What this task involves:
In the material below, the lines between the one holding "Let me show" and the one holding "In this video, I", inclusive, are to be set down word for word. Pictures stay out.

Records shown:
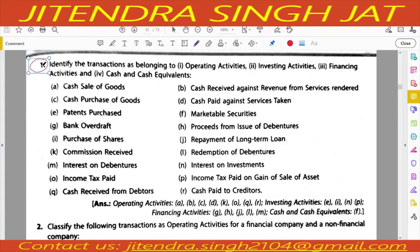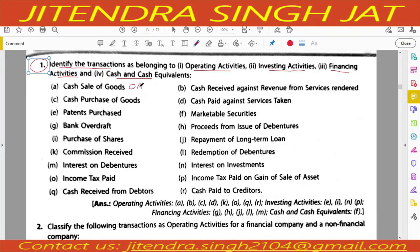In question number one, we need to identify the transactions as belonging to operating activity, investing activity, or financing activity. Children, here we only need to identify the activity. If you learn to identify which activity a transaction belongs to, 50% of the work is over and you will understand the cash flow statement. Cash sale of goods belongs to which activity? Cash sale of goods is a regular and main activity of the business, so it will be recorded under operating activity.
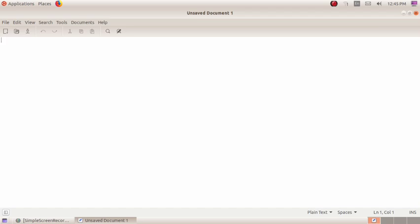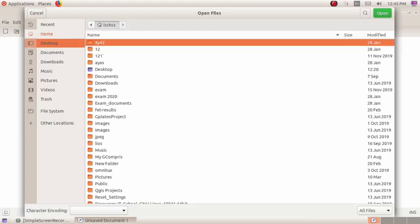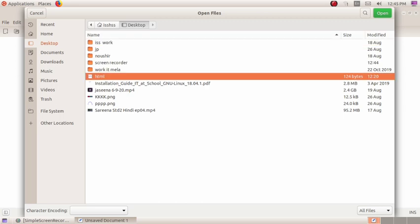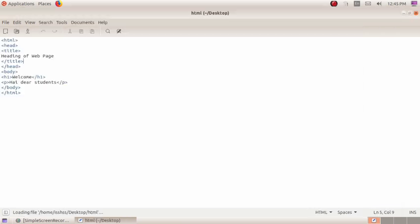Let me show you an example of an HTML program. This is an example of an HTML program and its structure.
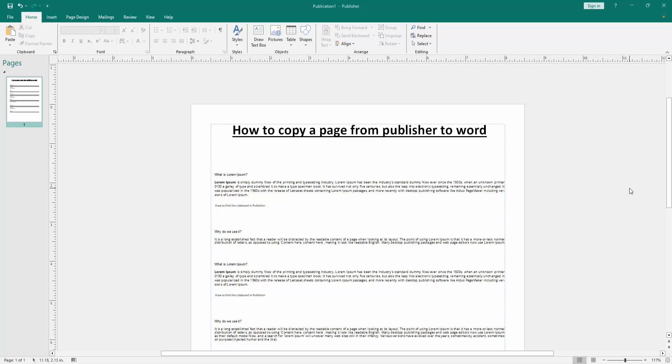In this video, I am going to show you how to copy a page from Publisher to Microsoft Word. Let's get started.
* * *
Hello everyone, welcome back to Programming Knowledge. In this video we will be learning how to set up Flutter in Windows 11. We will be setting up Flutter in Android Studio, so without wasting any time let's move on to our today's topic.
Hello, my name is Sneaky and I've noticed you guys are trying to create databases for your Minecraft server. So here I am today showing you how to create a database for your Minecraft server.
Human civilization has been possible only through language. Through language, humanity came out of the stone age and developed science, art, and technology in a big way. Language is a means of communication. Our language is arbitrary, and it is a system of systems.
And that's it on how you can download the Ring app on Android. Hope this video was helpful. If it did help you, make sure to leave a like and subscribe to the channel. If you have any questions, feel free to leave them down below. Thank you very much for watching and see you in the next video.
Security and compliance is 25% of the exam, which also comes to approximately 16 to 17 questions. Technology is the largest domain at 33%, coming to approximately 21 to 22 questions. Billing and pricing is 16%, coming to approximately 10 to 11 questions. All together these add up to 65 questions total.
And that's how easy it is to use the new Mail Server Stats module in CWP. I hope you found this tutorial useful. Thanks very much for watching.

Result of the task:
Let me show you an example of an HTML program. This is an example of an HTML program and its structure.
In this video, I am going to show you how to copy a page from Publisher to Microsoft Word. Let's get started.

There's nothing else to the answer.